For those wo fixate on the 2,000ish mile US-Mexican border, here’s a reminder that we have 5,000ish mile border to the north via the NYT: Violent New Front in Drug War Opens on the Canadian Border
The drugs move across the Canadian border inside huge tractor-trailer rigs, pounds and pounds stashed in drums of frozen raspberries, tucked in shipments of crushed glass, wood chips and sawdust, or crammed into hollowed-out logs, in secret compartments that agents refer to as “coffins.”Kayakers paddle them south from British Columbia across the freezing bays of America’s northwest corner, and well-paid couriers carry up to 100 pounds at a time in makeshift backpacks, hiking eight hours over the rugged mountainous terrain that forms part of the border between the United States and Canada. Small planes drop them onto raspberry fields and dairy farms in hockey bags equipped with avalanche beacons to alert traffickers that the drugs have landed.
Again we see the overriding power of markets: where there is demand, there will be supply:
This new wave of drug trafficking, with Northwest Washington and Seattle a major transit point, comes as an enormous challenge to United States law enforcement agents stationed along the often invisible northern border. They are already dealing with the threat of terrorism, the flow of immigrants and new human smuggling operations - some run by some of the Canadian criminal organizations that move the marijuana south and cash, cocaine and guns north, American and Canadian law enforcement officials say.[…]
Wholesale, B.C. bud sells for about $3,000 a pound, though the price rises the farther from Seattle it is sold - $3,500 a pound by the time it reaches California. Marijuana smuggled across the southern border sells for $400 to $1,000 a pound in the Southwest United States, according to the Drug Enforcement Administration.

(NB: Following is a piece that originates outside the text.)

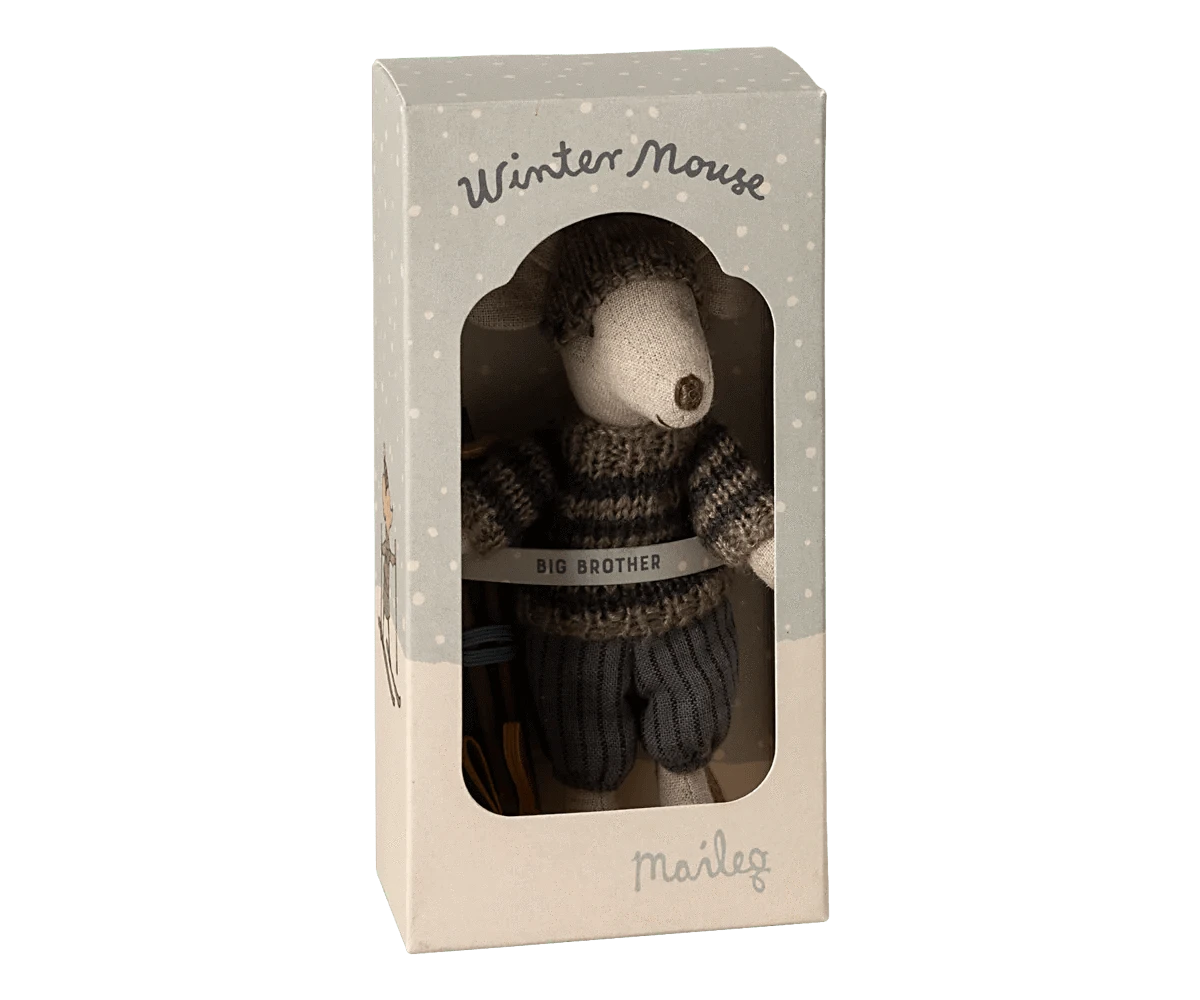 Winter mouse with ski set, Big brother - Grey Maileg Lil Tulips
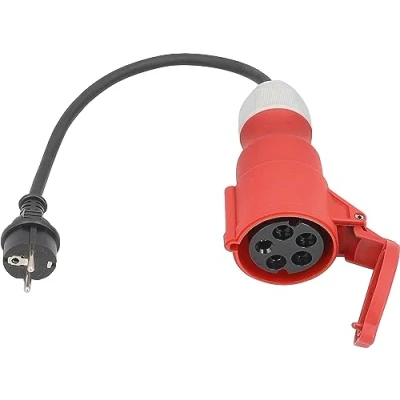 Abbildung von as Schwabe Adapterleitung Schutzkontaktstecker 230V/16A zu CEE Kupplung 400V/32A/5 polig 0,3 m H07RN F 3G2,5 schwere Gummischlauchleitung IP44 spritzwassergeschützt, 61373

The utter impossibility of sealing the US-Mexican and US-Canadian borders to drug trafficking should be manifestly obvious, nonetheless the likely reaction to this situation will be greater spending on a futile cause.
And this sounds oh-so-familiar:
Efforts to combat the flow can be seen vividly in places like Blaine, Wash., a tiny border town along the shore in the northwestern part of the state, where agents patrol the waters, mountains and airways in brand-new boats and planes. Since the Sept. 11 attacks, agents have seen their manpower and technological resources double or triple, helping them seize growing amounts of B.C. bud. Along the Washington border alone, agents seized 20,500 pounds in 2024, worth more than $60 million, up from 4,000 pounds in 1998.But with possibly more than 1.5 million pounds coming south, according to the Canadian estimates, many acknowledge they are making a mere dent in what is coming across.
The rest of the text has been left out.